Start of Data provided
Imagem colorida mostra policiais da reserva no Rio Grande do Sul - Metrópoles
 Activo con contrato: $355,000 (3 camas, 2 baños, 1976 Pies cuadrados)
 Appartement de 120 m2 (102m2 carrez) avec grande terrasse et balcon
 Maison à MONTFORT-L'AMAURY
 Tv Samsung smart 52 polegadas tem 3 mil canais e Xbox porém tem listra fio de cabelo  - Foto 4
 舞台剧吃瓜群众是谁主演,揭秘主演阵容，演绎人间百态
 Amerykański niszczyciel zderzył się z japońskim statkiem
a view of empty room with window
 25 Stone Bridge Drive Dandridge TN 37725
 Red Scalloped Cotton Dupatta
End of Data provided
With the line containing "Appartement de 120" as the first and the last line of the records as the final one, print exactly the lines in that span.

 Appartement de 120 m2 (102m2 carrez) avec grande terrasse et balcon
 Maison à MONTFORT-L'AMAURY
 Tv Samsung smart 52 polegadas tem 3 mil canais e Xbox porém tem listra fio de cabelo  - Foto 4
 舞台剧吃瓜群众是谁主演,揭秘主演阵容，演绎人间百态
 Amerykański niszczyciel zderzył się z japońskim statkiem
a view of empty room with window
 25 Stone Bridge Drive Dandridge TN 37725
 Red Scalloped Cotton Dupatta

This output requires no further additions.